(THE PROBLEM)
Transcribe only the part of the material below that begins at the line containing "Holiday apartment Hrelja with Pool" and ends at the line containing "image for item", with both kept and images left out.
====== SUPPLIED DATA
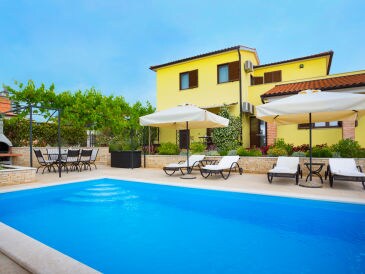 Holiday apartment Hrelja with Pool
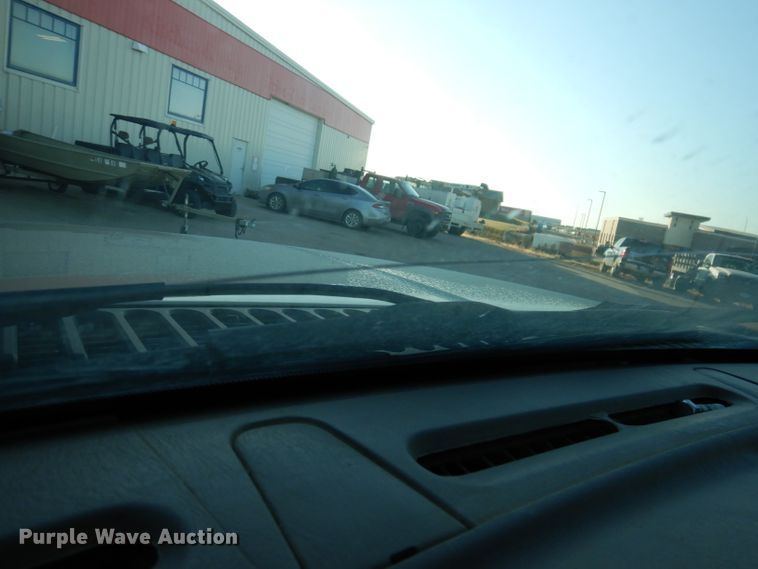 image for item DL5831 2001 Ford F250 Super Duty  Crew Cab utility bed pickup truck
============
====== SUPPLIED DATA
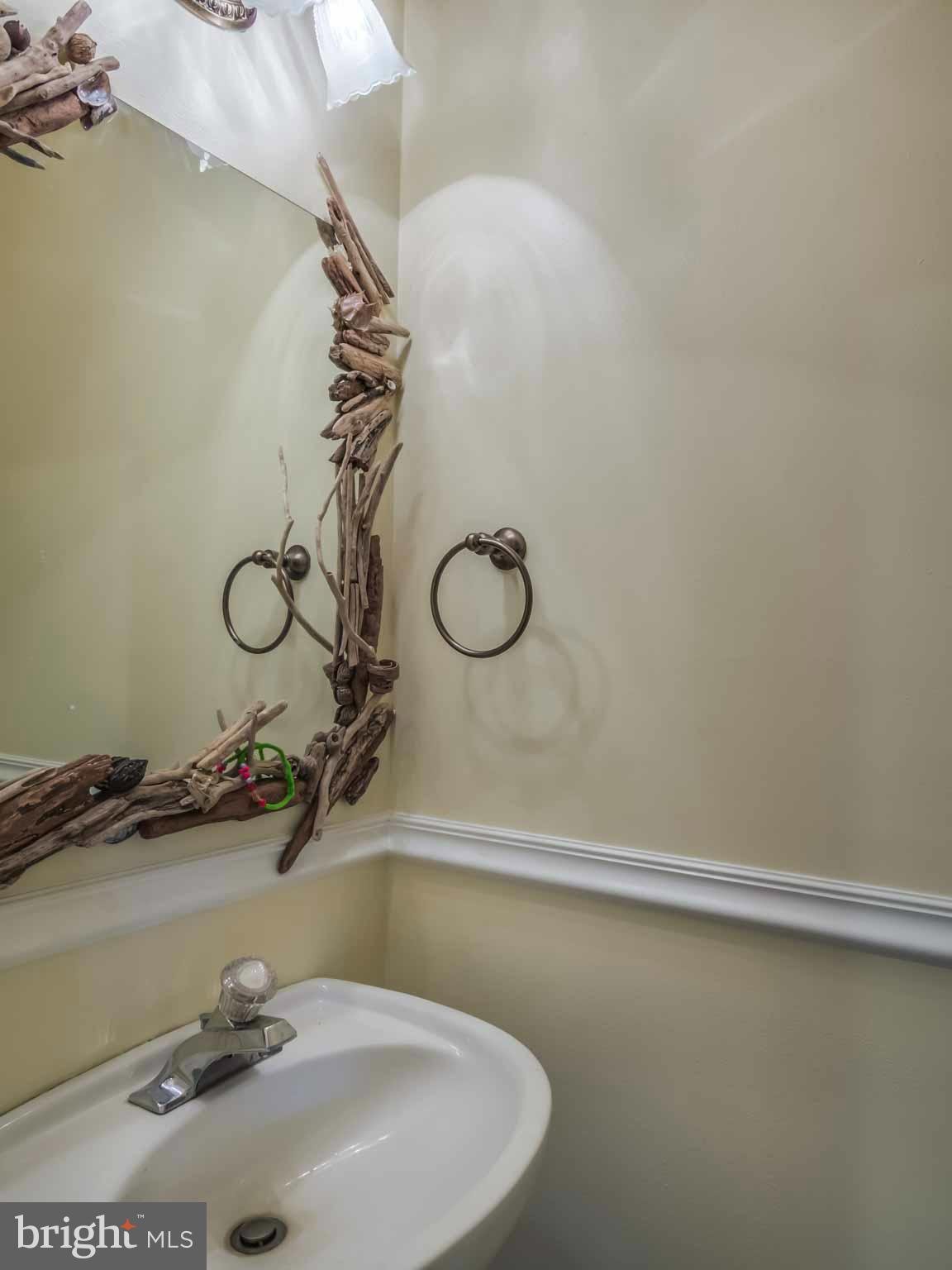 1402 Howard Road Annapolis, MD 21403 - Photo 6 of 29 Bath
============
====== SUPPLIED DATA
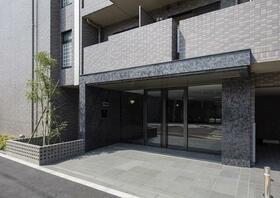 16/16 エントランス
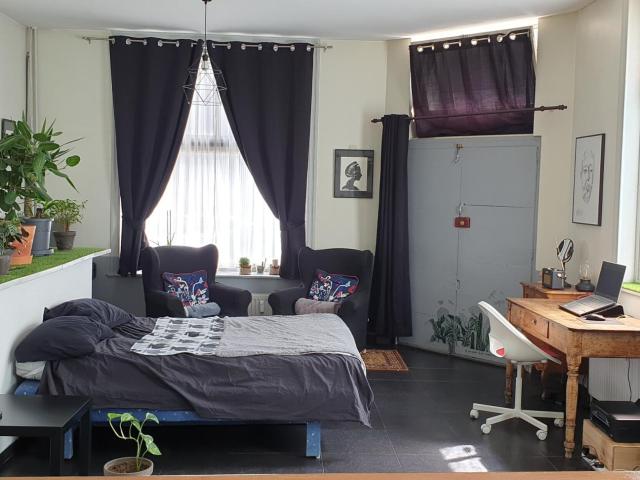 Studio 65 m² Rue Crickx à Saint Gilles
============
(RESPONSE TO THE EXERCISE)
 Holiday apartment Hrelja with Pool
 image for item DL5831 2001 Ford F250 Super Duty  Crew Cab utility bed pickup truck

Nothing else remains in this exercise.